___ MATERIALS PROVIDED ___

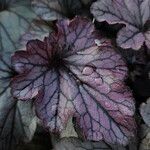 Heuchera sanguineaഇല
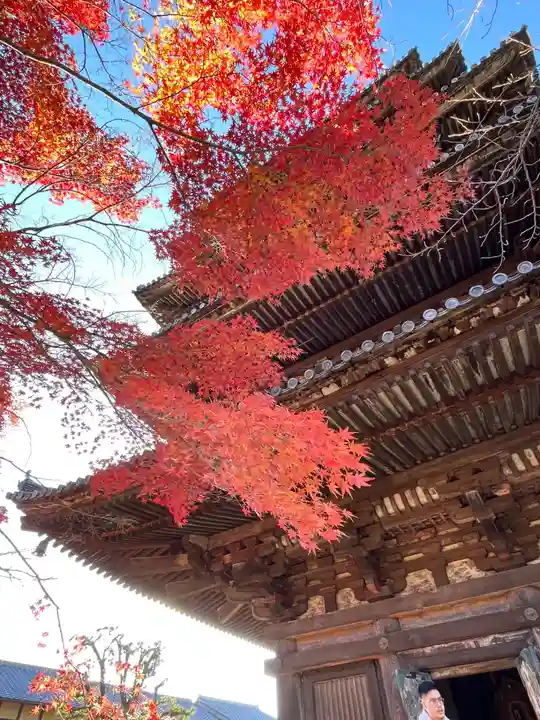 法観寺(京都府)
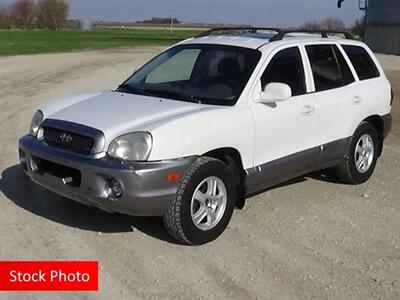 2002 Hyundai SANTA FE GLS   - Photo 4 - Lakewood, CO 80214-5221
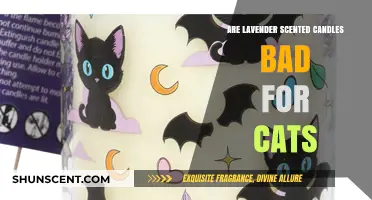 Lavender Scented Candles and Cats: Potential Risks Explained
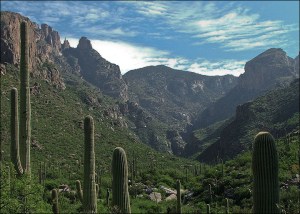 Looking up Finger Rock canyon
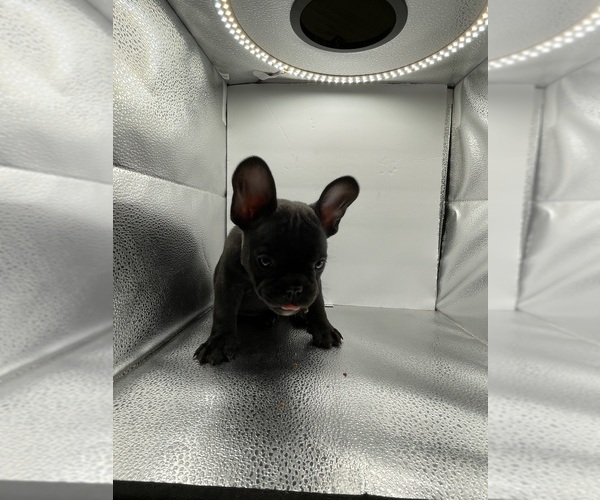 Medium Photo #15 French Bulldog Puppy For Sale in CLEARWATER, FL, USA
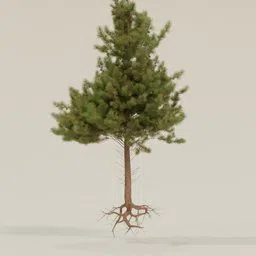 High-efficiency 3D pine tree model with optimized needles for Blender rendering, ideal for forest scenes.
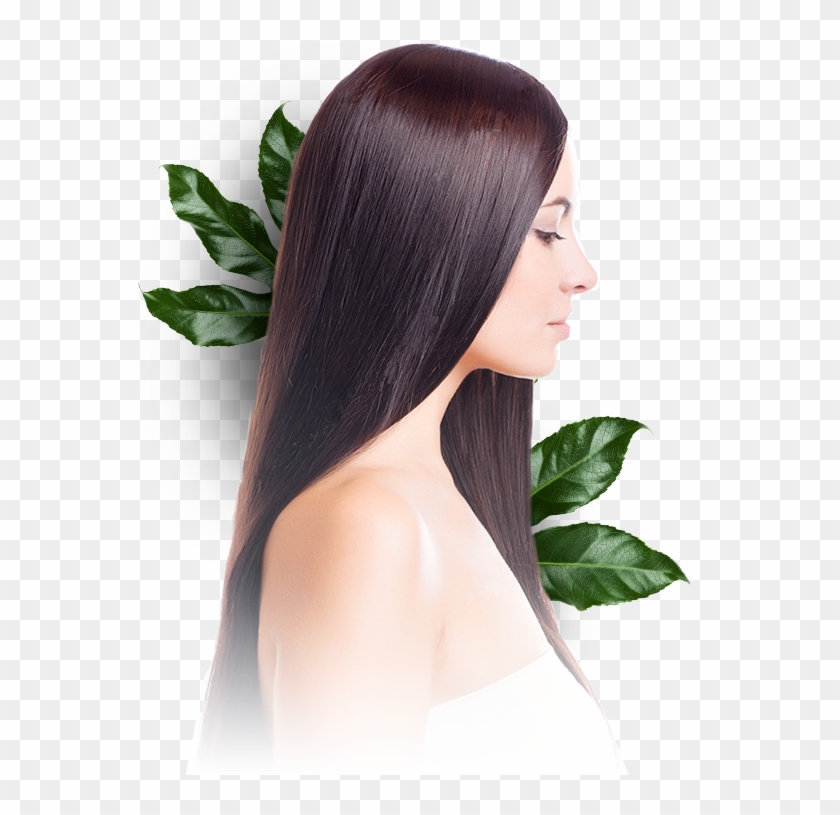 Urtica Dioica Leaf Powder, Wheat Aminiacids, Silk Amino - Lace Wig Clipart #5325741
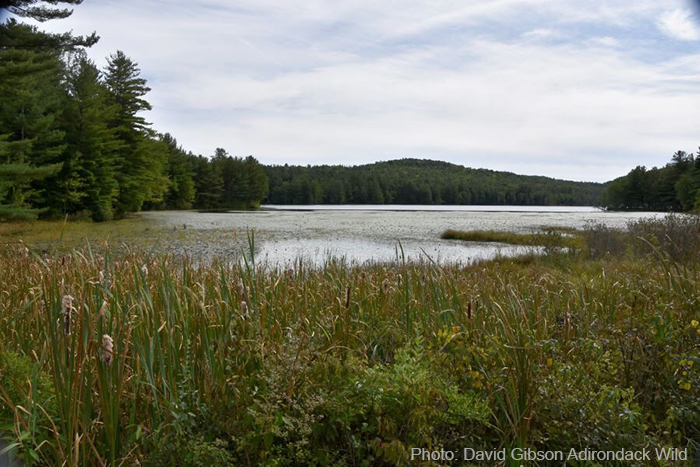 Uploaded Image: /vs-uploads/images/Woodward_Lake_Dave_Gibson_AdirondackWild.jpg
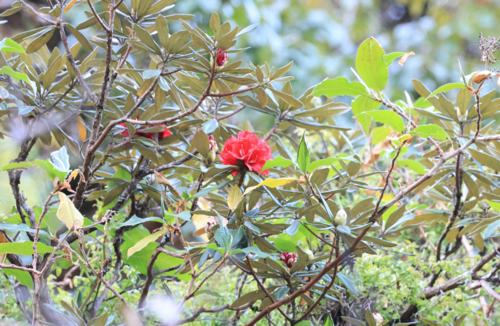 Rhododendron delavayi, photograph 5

___

-- EXERCISE DETAILS --
The entire listing above is to be copied exactly, with all pictures omitted.

-- EXPECTED ANSWER --
 Heuchera sanguineaഇല
 法観寺(京都府)
 2002 Hyundai SANTA FE GLS   - Photo 4 - Lakewood, CO 80214-5221
 Lavender Scented Candles and Cats: Potential Risks Explained
 Looking up Finger Rock canyon
 Medium Photo #15 French Bulldog Puppy For Sale in CLEARWATER, FL, USA
 High-efficiency 3D pine tree model with optimized needles for Blender rendering, ideal for forest scenes.
 Urtica Dioica Leaf Powder, Wheat Aminiacids, Silk Amino - Lace Wig Clipart #5325741
 Uploaded Image: /vs-uploads/images/Woodward_Lake_Dave_Gibson_AdirondackWild.jpg
 Rhododendron delavayi, photograph 5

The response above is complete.